In the last twenty years regimes based on central planning have collapsed, state ownership has been in retreat, and even Keynesianism has been widely discredited as a reliable tool for steering capitalist economies. The Left has been widely perceived to be bereft of clear ideas or direction in its economic thinking. Faith in nationalization to deliver either efficiency or social justice has withered, while Keynesianism is no longer thought capable of guaranteeing full employment and prosperity or underpinning a redistributive welfare state. Privatization and deregulated markets rule in their place.

The rebuilding of a political economy for the Left has to come to terms with these developments and needs to reassess the nature of ownership in modern capitalist economies. There is a strong case for experiments with new forms of common ownership, and a need for the Left to restate the case for some forms of public ownership, but even more important is the need for the Left to develop a distinctive approach to private ownership. It is with this second agenda that this article is concerned.

In Britain there has long been a revisionist strand in the Labour Party which has rejected the traditional commitment to common ownership, but it has been generally uninterested in the question of private ownership. Similarly New Labour’s decision to redraft Clause iv of the Party constitution and drop the commitment to common ownership only reflected what had long been the Party’s practice,footnote5 but it was not accompanied by any acknowledgement of the need to rethink other forms of ownership. Marxists have rightly continued to emphasize the importance of ownership for a left political economy but have generally failed to perceive the potential of new forms of private ownership, and have continued to think exclusively in terms of common ownership, while social democrats have rejected common ownership, but also the Marxist insight that ownership matters vitally to the way in which economies perform. This combination has been disabling and has led to a lack of clear thinking about how to pursue egalitarian objectives within a market economy.

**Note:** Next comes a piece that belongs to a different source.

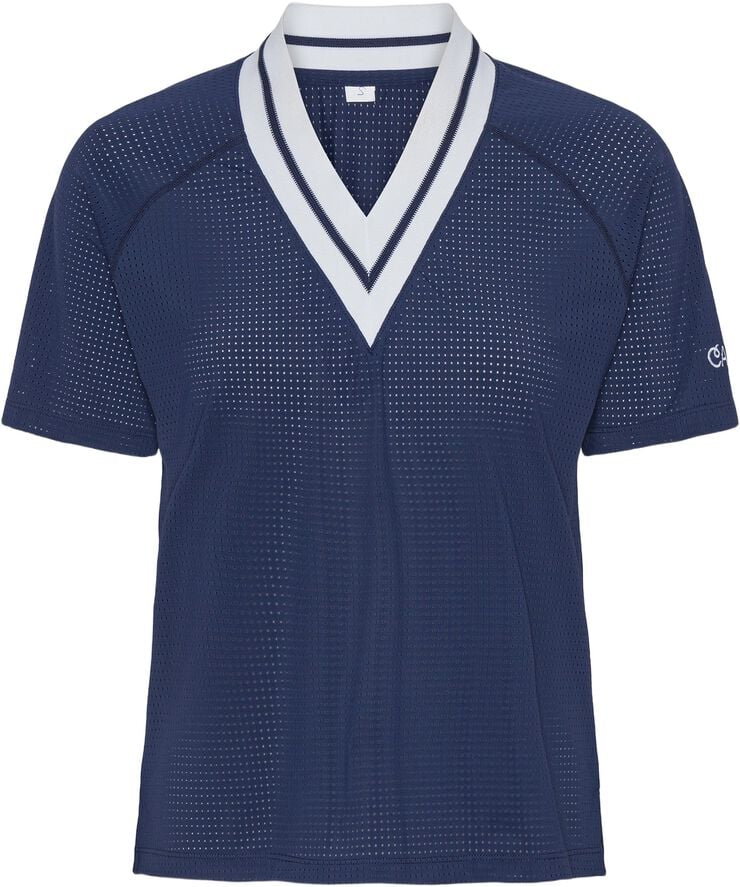 Power Play v-neck mesh tee - Ocean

In this article, we argue that the project of an egalitarian market economy should be the foundation of left political economy. In recent years some intellectuals on the Left have supported the role of markets as a (comparatively) efficient mechanism for allocating scarce resources but argue that this should still be combined with full public ownership of productive assets. Such proposals would not however realize the full potential of an egalitarian market economy. We argue that, in seeking to pursue efficiency and greater equality, a left programme should promote the broadest possible individual ownership of productive assets as well as new collective ways of monitoring and controlling the ways in which they are managed.

Such a programme combines a baseline approach to distributive justice and an associative approach to the exercise of rights of control over productive assets, involving new roles for firms, unions, pension funds and other organizations. Within a baseline approach, priority would be given to the initial endowments of resources and capacities of individuals rather than final outcomes. It implies a starting-gate rather than end-state approach to redistribution. The aim is to ensure that in resource terms everyone has a baseline level of income and wealth. Such redistribution could be achieved through a wide variety of measures to provide a basic income and spread the possession of wealth.